ObjectiveTo identify a more popularized preparation protocol of leukocytes-rich platelet-rich plasma (L-PRP) for higher tolerance rate.MethodsThe peripheral blood samples of 76 volunteers (45.0 mL/case) were mixed with 5 mL sodium citrate injection for blood transfusion, and L-PRP was prepared by twice centrifugations. All blood samples were divided into three groups according to the parameters of twice centrifugation: experimental group A (12 cases, 400×g, 10 minutes for the first time and 1 100×g, 10 minutes for the second time), experimental group B (27 cases, 800×g, 10 minutes for the first time and 1 100×g, 10 minutes for the second time), and control group (37 cases, 1 360×g, 10 minutes for the first time and 1 360×g, 10 minutes for the second time).
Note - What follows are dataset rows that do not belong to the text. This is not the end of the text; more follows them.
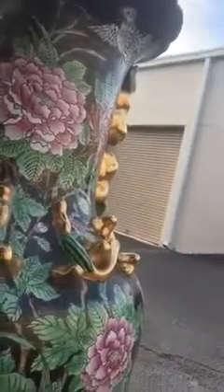Let me give you a nice little tour of the vases. Let me turn the camera around. This is it.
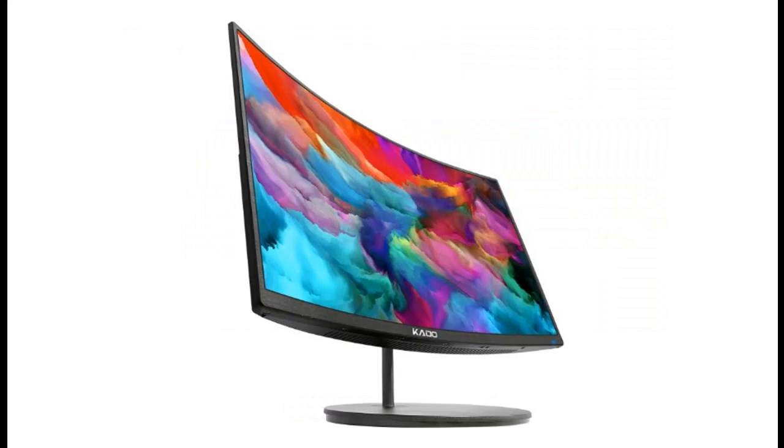Ergonomic Design: The 1500R curved design provides a more comfortable viewing experience by reducing eye strain and neck fatigue, allowing for longer periods of use with less discomfort.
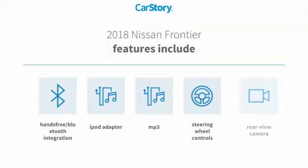Features also include iPod adapter, rear view camera, steering wheel controls, MP3, and hands-free Bluetooth integration.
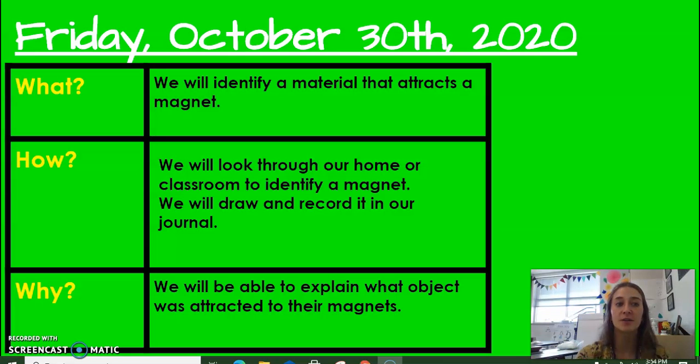We are going to be finding and identifying something that attracts a magnet. How are we going to do this? We are going to look through our home or classroom to identify a magnet.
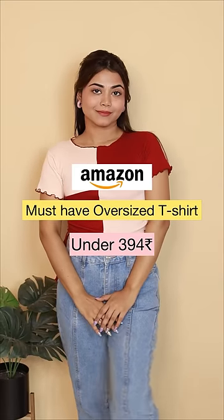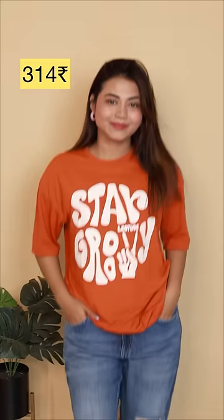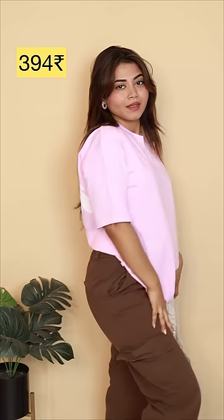Oversized t-shirts are in trend right now and I found some amazing t-shirts from Amazon under 394. This is the first one which I shared with my mom in the video and you guys loved it. It's from Amazon. I love this t-shirt — love the color and also love the print. I will tag this t-shirt for you.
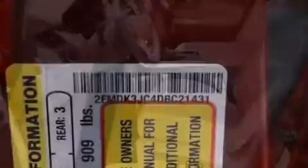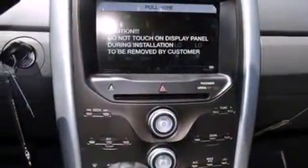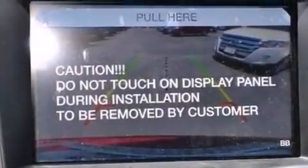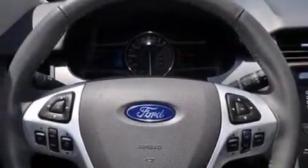A rear-view camera, XM satellite radio, big 18-inch wheels, traction control and stability control systems, an illuminated driver's side vanity mirror, side curtain airbags, dual power seats, air conditioning, and a navigation system.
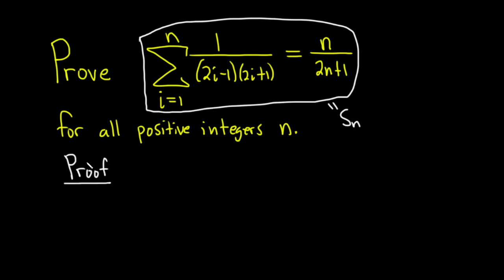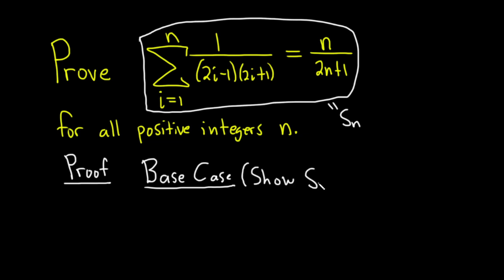The first step in every induction proof is called the base case. In the base case we have to show that our statement is true for the smallest integer in question. Since this problem is about all positive integers, the smallest integer is 1. So we have to show that S sub 1 is true. Sometimes you start at different numbers — sometimes at 0 — so it's really important to pay attention to this part.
The platelet recovery rate and platelet and leukocyte enrichment coefficient of L-PRP in each group were calculated and compared.ResultsAfter removal of abnormal blood samples (platelet recovery rate was more than 100% or white thrombus), the remaining 55 cases were included in the statistical analysis, including 10 cases in experimental group A, 21 cases in experimental group B, and 24 cases in control group. The platelet enrichment coefficient and platelet recovery rate of experimental group B were significantly higher than those of experimental group A and control group (P<0.05); there was no significant difference between experimental group A and control group (P>0.05). There was no significant difference in leukocyte enrichment coefficient between experimental groups A, B, and control group (P>0.05).ConclusionThe preparation quality of PRP is affected by various factors, including centrifugal force, centrifugal time, temperature, and operation process, etc. Twice centrifugation (800×g, 10 minutes for the first time and 1 100×g, 10 minutes for the second time) is an ideal and feasible centrifugation scheme, which can obtain satisfactory platelet recovery rate and enrichment coefficient with thicker buffy coat, which can reduce the fine operation requirements for operators, improve the fault tolerance rate and generalization.